This well-known Greek sauce is one of those recipes I’ve been meaning to put up on my site for ages and ages and just kept forgetting to do it. This year I’m really trying to get to posting all those recipes I make often but are the meal “extras” and not the “main attraction”. This is typical condiment with Greek grilled kebabs and koftas or Greek Baked Chicken. It’s also great with seafood croquettes and on shawarma wrap sandwiches. I’ve even used this on cucumber-tomato salads as a dressing! It’s ever so simple to make, too!
Be sure to squeeze out as much water from your grated cucumber as you can before combining all the ingredients or else it will bleed out its water into the sauce and really weaken the flavor and spoil the appearance. This recipe is not suitable for Induction due to the yogurt, but you could make it with all sour cream and enjoy 2-3 Tbsp. This sauce is suitable for other Keto diets and Primal Blueprint (occasionally), but not at all Paleo approved.
1 large 8-9″ cucumber, peeled, seeded and grated
1 c. drained or Greek yogurt, or half yogurt and half sour cream (my personal preference), or all sour cream (for lower carbs)
1 clove garlic, minced
1 T. yellow onion, minced finely
½ tsp. dried dill weed (or 2 sprigs fresh, chopped)
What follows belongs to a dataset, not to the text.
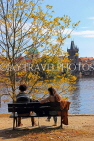 Czech Rep, PRAGUE, River Vlatava, and two people on riverside bench, CZ1509JPL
½ tsp. dried mint (or 1 T. fresh, chopped fine)
Dash each salt and black pepper
DIRECTIONS: At least 1 hour before serving, peel the cucumber. Cut in half and seed with a spoon. Grate the cucumber onto paper toweling double thick or a clean cotton kitchen towel (not terry cloth, please). Blot or wrap and squeeze to remove water. Repeat with fresh paper towels as there will be more water! Get as much water out as you can. Add cucumber to a medium bowl. Add all remaining ingredients and stir well. Cover and chill until ready to serve.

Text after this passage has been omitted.